Reliability Mechanisms:
- Visibility Step: Filters out images in which the target attribute is not visible, reducing VQA hallucinations.
- Multi-Select: Allows multiple answer selections to avoid distribution distortion caused by forced single-choice.
- NOTA Option: Appends a "None of the Above" option (selected in only 2.6% of cases) to reduce guessing.
- Large-Scale Human Validation: Local annotators from 14 countries verify the alignment between SEVI and human judgments.

Loss & Training¶

Gemini-2.5-flash is used as the VQA/VLM backbone (best accuracy: 86%; human correlation: ρ = 0.76/0.69).
Evaluation covers 4 T2I models, 10 entities, and 16 countries, comprising a total of 160,000 synthetic images.

Key Experimental Results¶

Main Results¶

VQA Model	VDI Entity Acc.	VDI Background Acc.	SEVI-Affluence ρ	SEVI-Maintenance ρ
Gemini-2.5-flash	0.87	0.85	0.76	0.69
gpt-4o	0.85	0.81	0.76	0.76
Qwen2.5-VL	0.85	0.77	0.69	0.71
LLaVA-v1.6	0.70	0.66	0.65	0.68

Key Findings: Country-Level Bias¶

Country Group	Avg.
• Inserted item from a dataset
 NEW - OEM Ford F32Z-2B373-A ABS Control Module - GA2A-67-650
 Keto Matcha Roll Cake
Affluence	Avg. Maintenance	Diversity Score
India / Nigeria / Colombia	2.31	3.34	Low
Japan / UAE / UK	3.53	4.30	Low
FLUX.1 (Global)	3.82	4.73	Extremely low (0.15)

Key Findings¶

FLUX.1 produces the most refined images but exhibits the lowest diversity, revealing a trade-off between refinement and diversity.
Overall geographical diversity has declined in newer model versions.
Background diversity (0.31) is substantially lower than entity diversity (0.44); mountains appear in only 12% of images.
Compared to Vendi-Score: only entity diversity shows moderate correlation (ρ = 0.56); correlations across other dimensions are low.

Highlights & Insights¶

GeoDiv is the first systematic and interpretable evaluation framework for geographical diversity in T2I models, supporting arbitrary extension to new entities and countries.
The discovery of FLUX.1's "high quality, low diversity" trade-off offers direct guidance for model development.
All data, annotations, and code are publicly released.
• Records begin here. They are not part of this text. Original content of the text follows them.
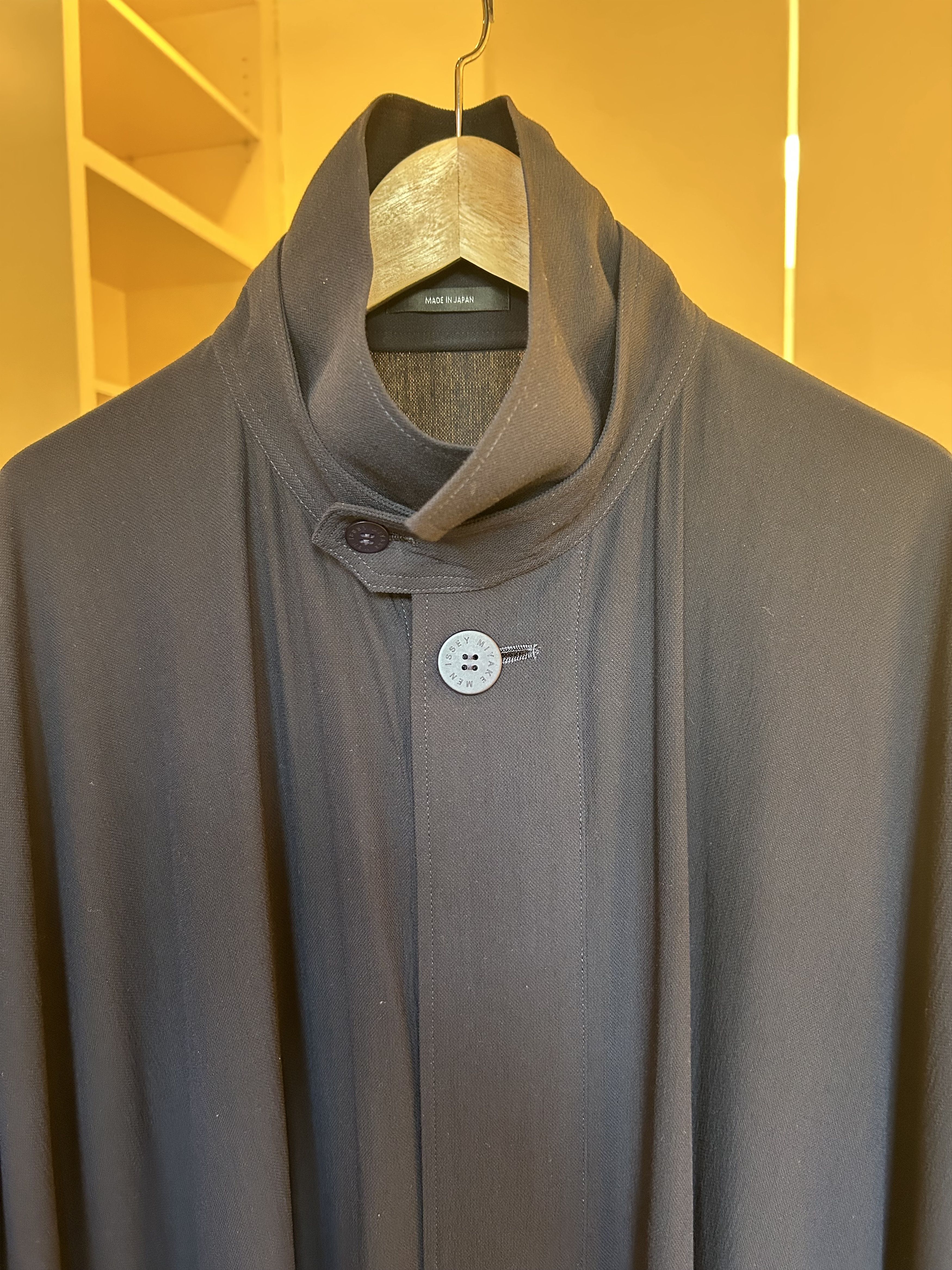 Issey Miyake Issey Miyake Men S/S 2017 Runway Look 38 — Cape-Style Jacket Size US L / EU 52-54 / 3 - 3 Thumbnail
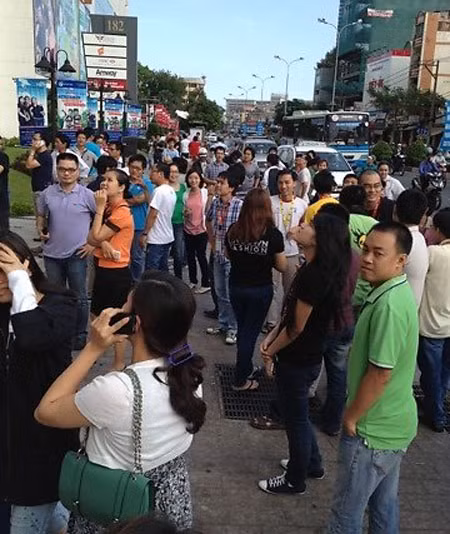 Nhân viên tòa nhà chạy xuống mặt đất - Ảnh: Phương Anh 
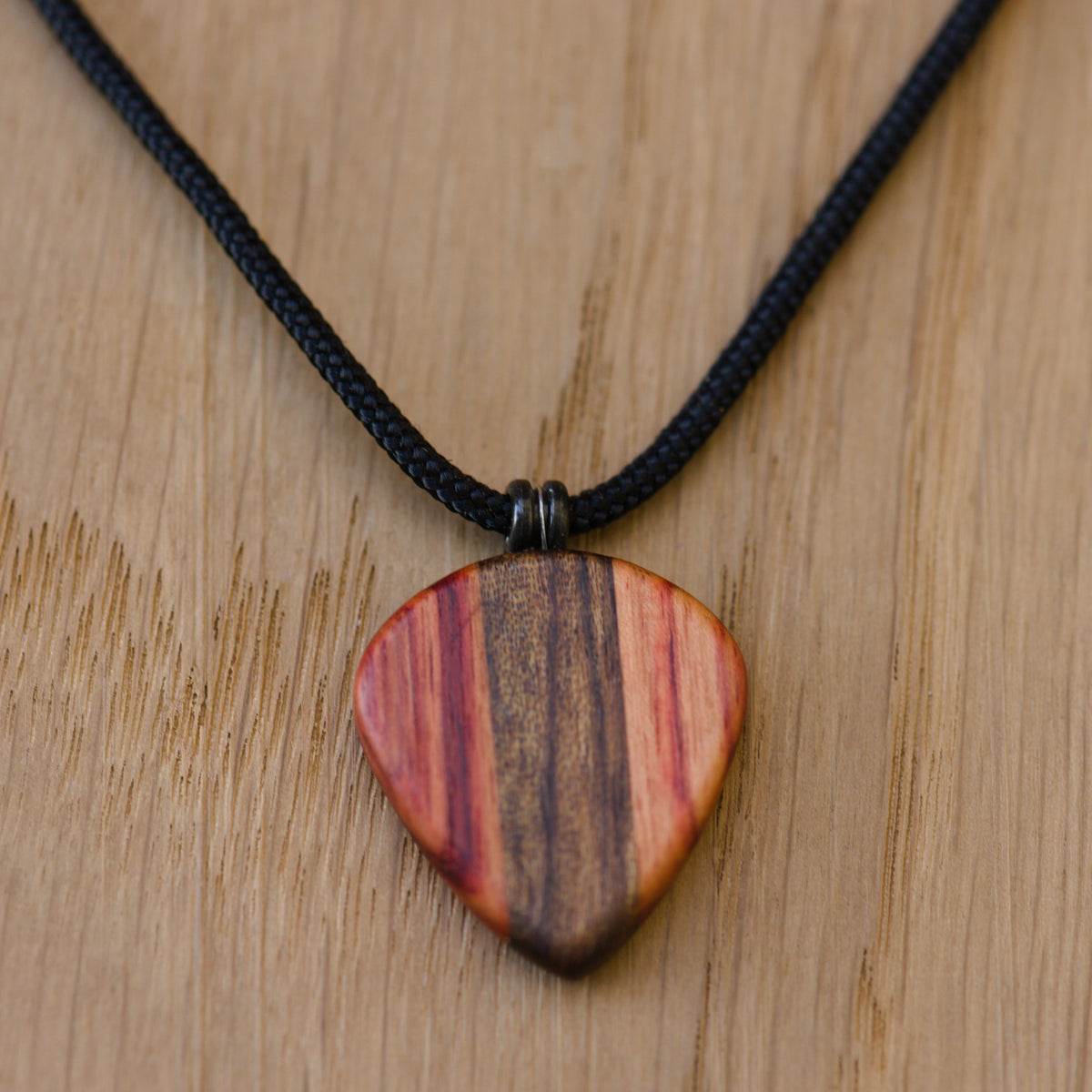 Dogstar Pick "Forma e Sostanza" in Bois de Rose and Ovangkol
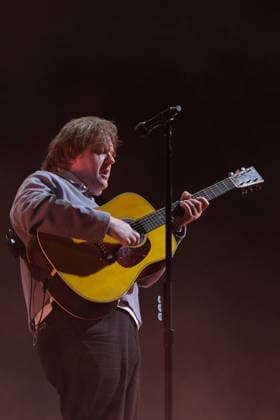 Lewis Capaldi, performs live on stage at the Isle of Wight festival in Newport, UK -19 Jun 2026 Scottish singer songwriter Lewis Marc Capaldi, known professionally as Lewis Capaldi, performs live on stage at the Isle of Wight festival. His single Someone You Loved topped the UK Singles Chart where it remained for seven weeks, and it was nominated at the 62nd Annual Grammy Awards for Song of the Year Newport United Kingdom Copyright: xDawnxFletcher-Parkx xSOPAxImagesx DSCF4835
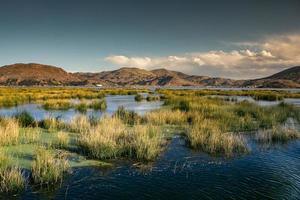 el lago titicaca es el lago más grande de américa del sur y el lago navegable más alto del mundo. foto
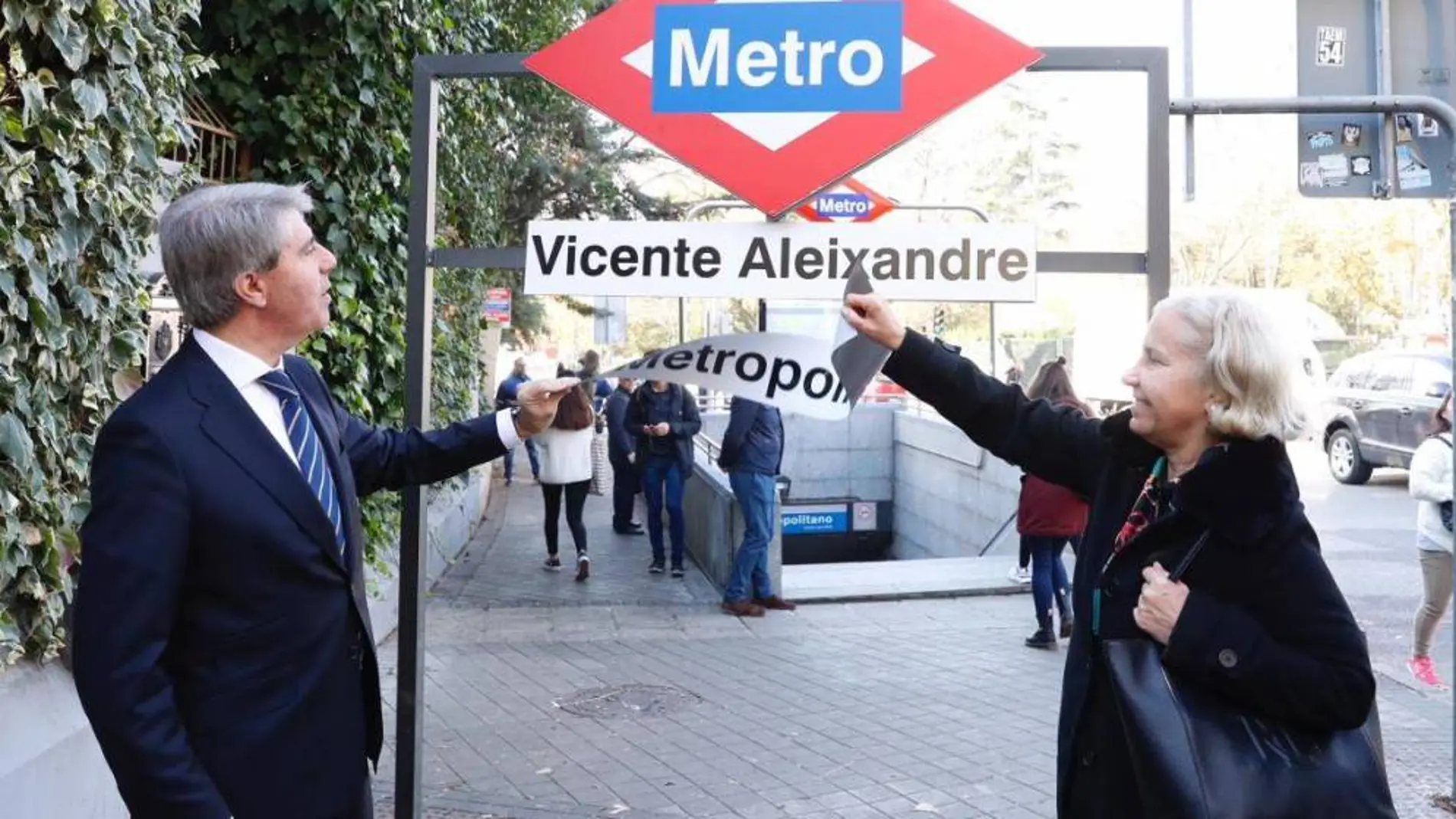 Cambio del nombre de la estación de Metropolitano.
Limitations & Future Work¶

Coverage is limited to 16 countries and 10 entities; extending to more regions may reveal additional bias patterns.
The framework relies on the world knowledge of LLMs/VLMs, which may themselves harbor biases.
Cultural representation remains a limitation, with annotator–VQA model disagreements observed for certain countries.
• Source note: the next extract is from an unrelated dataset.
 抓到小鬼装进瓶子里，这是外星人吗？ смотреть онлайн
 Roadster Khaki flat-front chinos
vs. Vendi-Score: Vendi-Score measures only visual variation and cannot capture the socioeconomic dimension.
vs. GRADE: GRADE evaluates diversity only for everyday objects and does not address the complexity of the geographical dimension.

Rating¶

Novelty: ⭐⭐⭐⭐ First framework to decompose geographical diversity into four interpretable dimensions via SEVI + VDI.
Experimental Thoroughness: ⭐⭐⭐⭐⭐ 160K images, large-scale human validation, multi-model and multi-country comparisons.
Writing Quality: ⭐⭐⭐⭐ Clear structure with insightful findings.
Value: ⭐⭐⭐⭐ Direct applicability to fairness evaluation of T2I models.